Deep dive into NMDA receptor variation

The study of human genetics has often focused on mutations that cause disease. When it comes to genetic variations in healthy people, scientists knew they were out there, but didn’t have a full picture of their extent. That is changing with the emergence of resources such as the Exome Aggregation Consortium or ExAC, which combines sequences for the protein-coding parts of the genome from more than 60,000 people into a database that continues to expand.

Rare mutations in the NMDA receptor genes cause epilepsy (GRIN2A) or intellectual disability (GRIN2B). Shown in blue are agonist binding domains of the receptors, where several disease-causing mutations can be found.

At Emory, the labs of Stephen Traynelis and Hongjie Yuan have published an analysis of ExAC data, focusing on the genes encoding two NMDA receptor subunits, GRIN2A and GRIN2B. These receptors are central to signaling between brain cells, and rare mutations in the corresponding genes cause epilepsy (GRIN2A) or intellectual disability (GRIN2B). GRIN2B mutations have also been linked with autism spectrum disorder.

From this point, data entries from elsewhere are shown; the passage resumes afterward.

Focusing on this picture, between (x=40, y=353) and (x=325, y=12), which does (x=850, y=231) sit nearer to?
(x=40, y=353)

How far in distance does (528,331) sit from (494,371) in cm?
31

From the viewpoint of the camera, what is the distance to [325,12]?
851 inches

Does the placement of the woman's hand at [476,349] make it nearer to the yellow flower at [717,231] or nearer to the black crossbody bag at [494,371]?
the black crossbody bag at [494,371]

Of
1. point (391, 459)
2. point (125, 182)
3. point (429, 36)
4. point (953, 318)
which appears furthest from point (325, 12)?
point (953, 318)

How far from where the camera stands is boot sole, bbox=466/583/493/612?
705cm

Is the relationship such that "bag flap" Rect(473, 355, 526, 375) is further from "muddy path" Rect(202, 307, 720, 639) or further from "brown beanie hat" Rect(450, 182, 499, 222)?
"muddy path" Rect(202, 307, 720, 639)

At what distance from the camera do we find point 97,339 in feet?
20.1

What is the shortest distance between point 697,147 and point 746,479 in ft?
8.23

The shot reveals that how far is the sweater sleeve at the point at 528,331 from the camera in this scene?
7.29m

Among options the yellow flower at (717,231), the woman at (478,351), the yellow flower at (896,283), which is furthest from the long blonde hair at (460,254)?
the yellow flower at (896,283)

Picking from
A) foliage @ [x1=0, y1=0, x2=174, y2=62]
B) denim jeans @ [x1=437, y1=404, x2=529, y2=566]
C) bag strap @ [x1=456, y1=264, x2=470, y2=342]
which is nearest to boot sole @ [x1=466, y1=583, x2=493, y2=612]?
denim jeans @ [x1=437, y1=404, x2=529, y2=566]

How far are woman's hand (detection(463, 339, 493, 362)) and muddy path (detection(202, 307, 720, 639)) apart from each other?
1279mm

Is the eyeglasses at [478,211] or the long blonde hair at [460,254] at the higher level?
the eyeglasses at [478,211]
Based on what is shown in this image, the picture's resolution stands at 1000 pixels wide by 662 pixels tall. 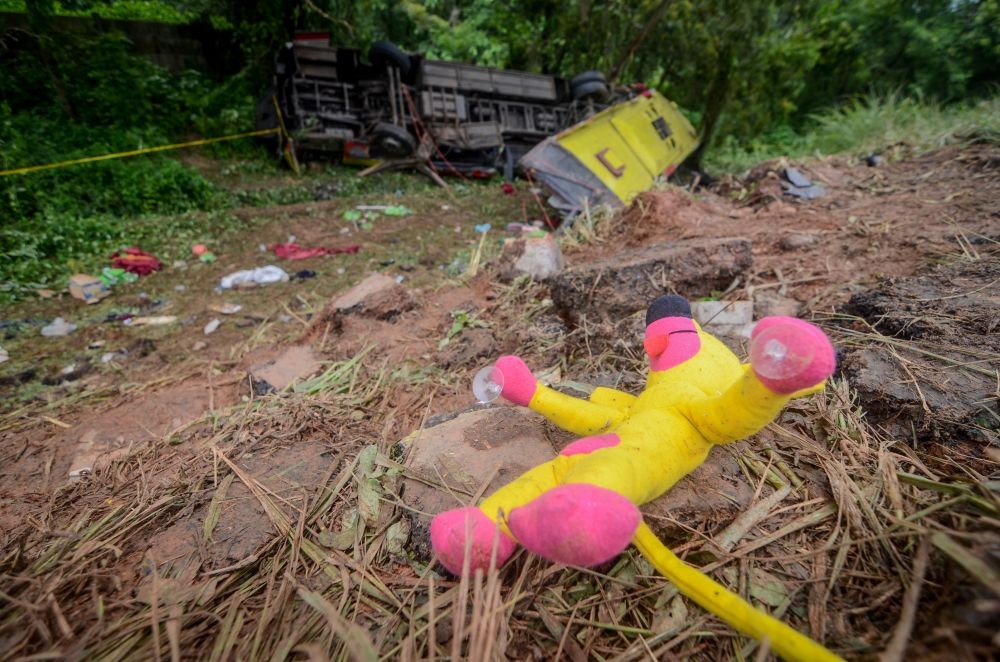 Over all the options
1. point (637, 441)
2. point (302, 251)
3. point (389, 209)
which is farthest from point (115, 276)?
point (637, 441)

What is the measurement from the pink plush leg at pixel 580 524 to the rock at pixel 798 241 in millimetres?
3099

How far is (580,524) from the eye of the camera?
0.77 meters

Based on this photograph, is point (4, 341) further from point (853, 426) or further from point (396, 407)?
point (853, 426)

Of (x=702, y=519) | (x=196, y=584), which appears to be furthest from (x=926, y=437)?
(x=196, y=584)

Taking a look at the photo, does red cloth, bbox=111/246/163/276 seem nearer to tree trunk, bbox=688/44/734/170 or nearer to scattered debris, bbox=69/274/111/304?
scattered debris, bbox=69/274/111/304

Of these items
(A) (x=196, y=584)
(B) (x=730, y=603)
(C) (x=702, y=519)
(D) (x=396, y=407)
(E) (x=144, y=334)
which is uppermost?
(B) (x=730, y=603)

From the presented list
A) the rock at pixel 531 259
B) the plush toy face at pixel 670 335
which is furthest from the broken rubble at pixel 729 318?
the rock at pixel 531 259

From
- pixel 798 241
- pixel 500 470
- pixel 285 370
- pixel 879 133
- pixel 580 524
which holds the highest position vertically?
pixel 879 133

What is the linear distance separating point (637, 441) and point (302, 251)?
490 cm

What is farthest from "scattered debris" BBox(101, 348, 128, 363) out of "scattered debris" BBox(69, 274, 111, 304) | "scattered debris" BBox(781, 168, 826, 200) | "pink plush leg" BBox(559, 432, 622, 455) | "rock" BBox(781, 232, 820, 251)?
"scattered debris" BBox(781, 168, 826, 200)

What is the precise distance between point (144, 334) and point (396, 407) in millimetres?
2767

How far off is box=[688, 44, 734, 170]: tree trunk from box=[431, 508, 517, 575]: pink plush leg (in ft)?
29.4

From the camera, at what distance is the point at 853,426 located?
1.34 m

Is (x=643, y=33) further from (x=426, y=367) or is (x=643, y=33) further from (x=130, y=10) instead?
(x=130, y=10) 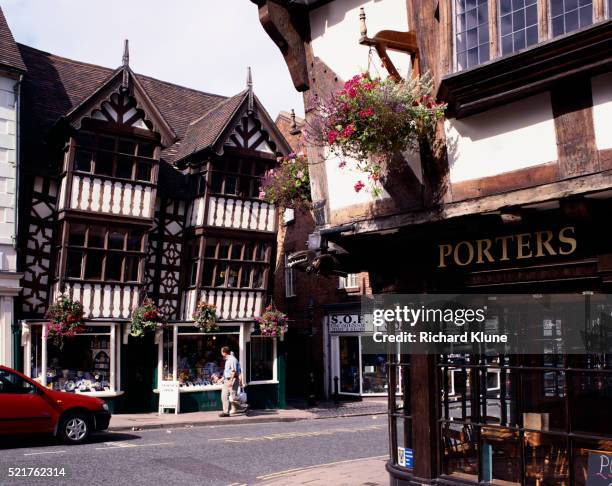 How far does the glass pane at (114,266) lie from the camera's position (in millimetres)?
21688

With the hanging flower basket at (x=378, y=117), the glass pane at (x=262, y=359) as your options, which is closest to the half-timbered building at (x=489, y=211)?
the hanging flower basket at (x=378, y=117)

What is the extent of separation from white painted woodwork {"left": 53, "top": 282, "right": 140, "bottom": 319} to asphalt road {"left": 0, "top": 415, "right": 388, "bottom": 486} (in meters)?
4.61

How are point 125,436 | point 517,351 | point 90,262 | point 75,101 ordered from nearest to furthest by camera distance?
point 517,351, point 125,436, point 90,262, point 75,101

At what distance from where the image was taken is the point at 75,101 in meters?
23.5

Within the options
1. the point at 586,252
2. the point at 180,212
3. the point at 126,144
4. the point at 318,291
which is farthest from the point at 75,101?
the point at 586,252

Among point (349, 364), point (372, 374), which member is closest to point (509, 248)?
point (372, 374)

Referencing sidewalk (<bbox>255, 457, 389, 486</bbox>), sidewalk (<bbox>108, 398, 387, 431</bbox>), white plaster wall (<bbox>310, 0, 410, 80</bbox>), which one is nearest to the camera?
white plaster wall (<bbox>310, 0, 410, 80</bbox>)

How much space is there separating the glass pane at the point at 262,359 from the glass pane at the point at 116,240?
5458 millimetres

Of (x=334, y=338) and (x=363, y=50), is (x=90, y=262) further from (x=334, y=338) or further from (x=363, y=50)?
(x=363, y=50)

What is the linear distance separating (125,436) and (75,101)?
38.2 feet

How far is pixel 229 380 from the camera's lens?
21.0 meters

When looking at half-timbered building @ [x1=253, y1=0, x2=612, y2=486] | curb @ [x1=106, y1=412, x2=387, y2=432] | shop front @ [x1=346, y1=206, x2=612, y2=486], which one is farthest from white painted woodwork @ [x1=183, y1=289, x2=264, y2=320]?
shop front @ [x1=346, y1=206, x2=612, y2=486]

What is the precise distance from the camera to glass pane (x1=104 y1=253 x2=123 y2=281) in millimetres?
21688

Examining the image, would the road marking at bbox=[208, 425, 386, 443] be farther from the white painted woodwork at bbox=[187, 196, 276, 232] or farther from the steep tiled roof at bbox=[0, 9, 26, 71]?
the steep tiled roof at bbox=[0, 9, 26, 71] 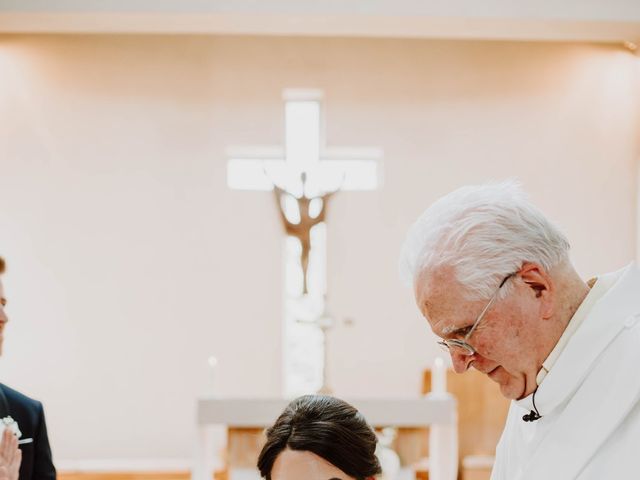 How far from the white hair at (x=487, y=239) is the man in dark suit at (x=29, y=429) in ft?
5.53

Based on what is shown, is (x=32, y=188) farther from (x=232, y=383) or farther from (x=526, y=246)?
(x=526, y=246)

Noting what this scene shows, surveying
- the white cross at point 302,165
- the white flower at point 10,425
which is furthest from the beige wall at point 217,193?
the white flower at point 10,425

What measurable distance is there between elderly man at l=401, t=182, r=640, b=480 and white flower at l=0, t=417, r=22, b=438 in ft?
4.80

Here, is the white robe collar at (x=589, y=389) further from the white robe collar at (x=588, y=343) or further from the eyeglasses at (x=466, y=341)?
the eyeglasses at (x=466, y=341)

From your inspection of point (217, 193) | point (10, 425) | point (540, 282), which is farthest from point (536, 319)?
point (217, 193)

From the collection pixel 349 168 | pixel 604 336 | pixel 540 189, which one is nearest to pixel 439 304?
pixel 604 336

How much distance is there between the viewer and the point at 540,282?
59.8 inches

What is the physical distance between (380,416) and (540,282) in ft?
13.7

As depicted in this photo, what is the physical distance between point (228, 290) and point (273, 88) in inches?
76.7

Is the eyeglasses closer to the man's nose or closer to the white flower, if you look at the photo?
the man's nose

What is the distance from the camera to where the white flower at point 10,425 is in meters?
2.47

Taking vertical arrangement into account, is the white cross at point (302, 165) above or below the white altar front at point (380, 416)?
above

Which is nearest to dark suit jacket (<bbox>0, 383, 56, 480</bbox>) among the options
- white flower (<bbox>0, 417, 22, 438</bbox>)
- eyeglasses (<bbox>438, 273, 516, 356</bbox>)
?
white flower (<bbox>0, 417, 22, 438</bbox>)

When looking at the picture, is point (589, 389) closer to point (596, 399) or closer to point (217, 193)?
point (596, 399) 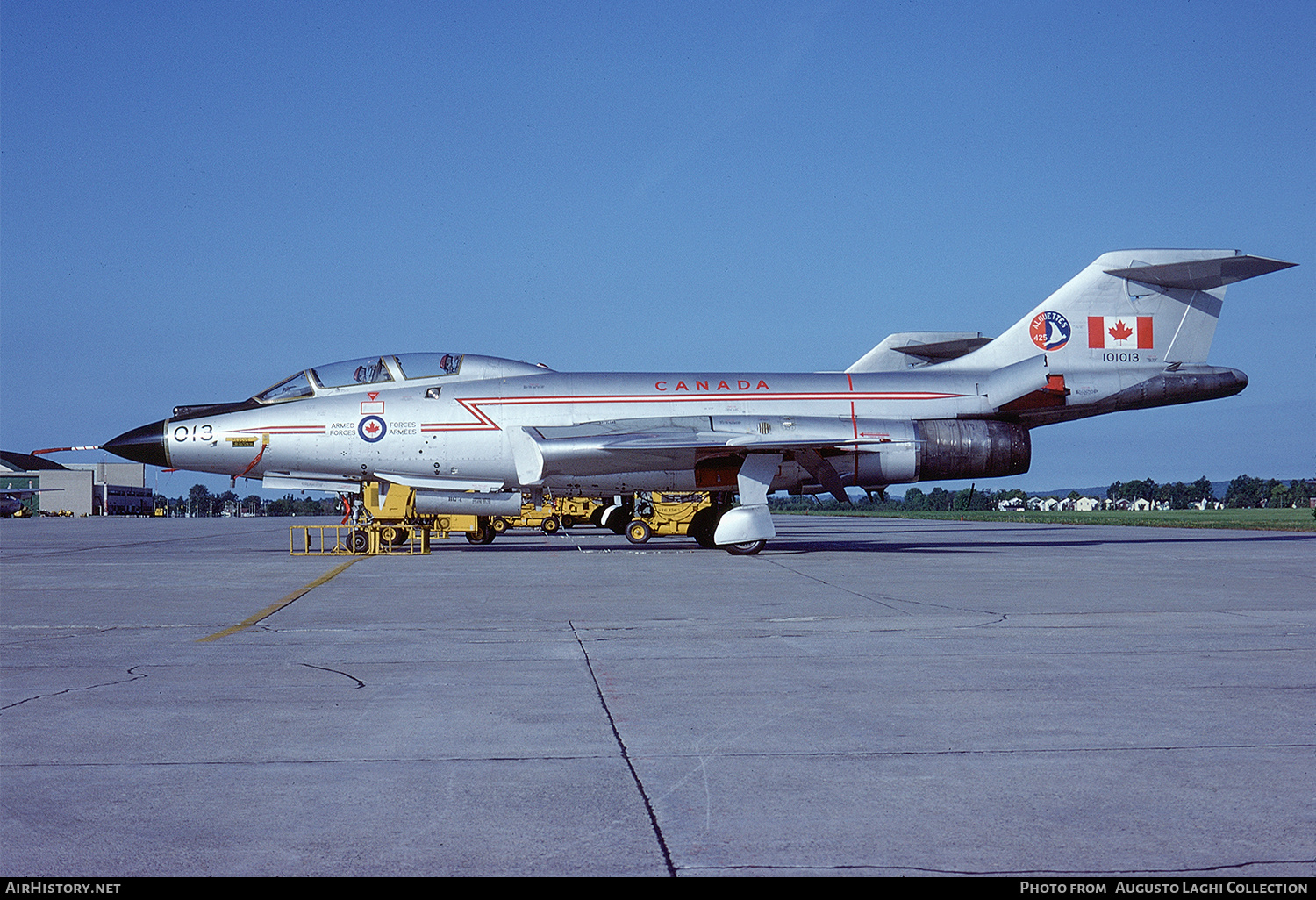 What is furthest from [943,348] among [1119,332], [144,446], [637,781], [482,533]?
[637,781]

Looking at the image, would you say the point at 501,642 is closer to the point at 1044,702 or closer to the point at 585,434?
the point at 1044,702

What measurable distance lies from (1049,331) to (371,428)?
13.3m

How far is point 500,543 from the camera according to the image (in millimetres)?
27500

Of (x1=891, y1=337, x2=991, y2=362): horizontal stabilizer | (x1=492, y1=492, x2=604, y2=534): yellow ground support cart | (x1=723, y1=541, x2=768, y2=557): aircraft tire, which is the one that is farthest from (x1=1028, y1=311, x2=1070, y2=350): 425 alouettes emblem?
(x1=492, y1=492, x2=604, y2=534): yellow ground support cart

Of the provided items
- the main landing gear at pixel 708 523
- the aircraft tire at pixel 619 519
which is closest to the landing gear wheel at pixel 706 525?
the main landing gear at pixel 708 523

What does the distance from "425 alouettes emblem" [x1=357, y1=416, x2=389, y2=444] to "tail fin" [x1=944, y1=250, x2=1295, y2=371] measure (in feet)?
36.5

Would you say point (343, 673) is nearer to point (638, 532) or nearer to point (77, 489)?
point (638, 532)

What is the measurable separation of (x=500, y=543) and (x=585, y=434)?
28.6ft

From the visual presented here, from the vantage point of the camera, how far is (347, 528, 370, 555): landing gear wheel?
2306 centimetres

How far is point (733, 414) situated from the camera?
20203 mm

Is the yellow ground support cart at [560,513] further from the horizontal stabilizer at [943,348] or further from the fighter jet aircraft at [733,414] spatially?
the horizontal stabilizer at [943,348]

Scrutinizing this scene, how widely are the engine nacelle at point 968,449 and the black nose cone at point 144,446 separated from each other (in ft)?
45.0

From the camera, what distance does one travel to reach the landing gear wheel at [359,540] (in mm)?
23062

Steve Traynelis and Hongjie Yuan

The new paper in the American Journal of Human Genetics makes a deep dive into ExAC data to explore the link between normal variation in the healthy population and regions of the proteins that harbor disease-causing mutations.

In addition, the paper provides a detailed look at how 25 mutations that were identified in individuals with neurologic disease actually affect the receptors. For some patients, this insight could potentially guide anticonvulsant treatment with a repurposed Alzheimer’s medication. Also included are three new mutations from patients identified by whole exome sequencing, one in GRIN2A and two in GRIN2B.

“This is one of the first analyses like this, where we’re mapping the spectrum of variation in a gene onto the structure of the corresponding protein,” says Traynelis, PhD, professor of pharmacology at Emory University School of Medicine. “We’re able to see that the disease mutations cluster where variation among the healthy population disappears.”

Heat map of agonist binding domain for GRIN2A. From Swanger et al AJHG (2016).

Postdoctoral fellow Sharon Swanger, PhD is first author of the paper, and Yuan, MD, PhD, assistant professor of pharmacology, is co-senior author.

It’s not always obvious, looking at the sequence of a given mutation, how it’s going to affect NMDA receptor function. Only introducing the altered gene into cells and studying protein function in the lab provides that information, Traynelis says.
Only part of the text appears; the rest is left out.